As of this writing, neither company’s engineering or development teams had driven the other’s car. As a result, the Supra and Z4 provide entirely different dynamics. This sounds improbable, a made-for-PR narrative—especially considering the cooperation that was necessary to produce the common underpinnings of these cars.
But we’ve driven prototypes of both, and each has its own personality. Unlike the Toyota 86 and Subaru BRZ platform-sharing coupes—which are nearly indistinguishable from each other in styling or feel—the Supra and Z4 each has its own distinct body, interior design, and driving dynamic.

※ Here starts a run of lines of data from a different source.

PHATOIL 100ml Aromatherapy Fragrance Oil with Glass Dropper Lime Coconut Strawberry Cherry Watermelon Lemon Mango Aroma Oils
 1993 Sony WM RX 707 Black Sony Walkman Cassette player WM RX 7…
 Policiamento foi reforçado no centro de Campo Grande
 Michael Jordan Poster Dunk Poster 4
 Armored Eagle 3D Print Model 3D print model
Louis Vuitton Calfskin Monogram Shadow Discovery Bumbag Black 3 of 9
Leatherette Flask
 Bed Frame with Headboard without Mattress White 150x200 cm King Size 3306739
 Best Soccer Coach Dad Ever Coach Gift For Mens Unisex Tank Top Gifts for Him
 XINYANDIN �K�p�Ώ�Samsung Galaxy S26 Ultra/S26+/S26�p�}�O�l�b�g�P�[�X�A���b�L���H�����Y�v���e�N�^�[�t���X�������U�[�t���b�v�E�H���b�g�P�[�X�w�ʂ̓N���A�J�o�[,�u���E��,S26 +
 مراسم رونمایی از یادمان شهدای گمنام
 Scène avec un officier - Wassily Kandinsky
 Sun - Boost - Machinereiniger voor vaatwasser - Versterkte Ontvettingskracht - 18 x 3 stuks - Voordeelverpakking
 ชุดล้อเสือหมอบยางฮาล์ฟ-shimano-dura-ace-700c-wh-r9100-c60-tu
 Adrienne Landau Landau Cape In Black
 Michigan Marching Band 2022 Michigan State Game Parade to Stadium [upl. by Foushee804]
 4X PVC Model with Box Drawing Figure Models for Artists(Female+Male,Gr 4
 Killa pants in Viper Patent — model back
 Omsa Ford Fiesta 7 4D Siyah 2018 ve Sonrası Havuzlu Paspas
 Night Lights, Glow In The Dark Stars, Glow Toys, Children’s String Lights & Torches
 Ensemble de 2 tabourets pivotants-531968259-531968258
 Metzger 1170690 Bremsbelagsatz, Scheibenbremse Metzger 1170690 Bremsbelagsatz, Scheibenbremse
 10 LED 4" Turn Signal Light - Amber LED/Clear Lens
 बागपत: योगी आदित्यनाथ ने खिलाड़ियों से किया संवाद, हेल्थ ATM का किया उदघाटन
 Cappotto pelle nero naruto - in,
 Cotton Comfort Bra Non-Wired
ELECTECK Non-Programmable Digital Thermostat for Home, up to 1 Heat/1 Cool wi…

What’s more, strict German anti-trust laws actually forbade further cooperation beyond the core of the car being co-developed in Munich. So don’t be tempted to say they are the same car: one with a roof and one without. The Supra is every bit the slick Toyota you expect it would be or should be.
Back story: At the Supra prototype’s first-drive event, one of the Supra’s assistant chief engineers, Masayuki Kai, wondered aloud if any of the gathered journalists had driven its blood brother. I raised my hand and looked around the room to find mine was the only one in the air. Suddenly, the Q&A and all eyes shifted. “What is it like?” Kai asked. “Different,” I replied. “Different how?” he and his assembled team wanted to know. I told them their car was “smoother and more fluid,” which seemed to please them.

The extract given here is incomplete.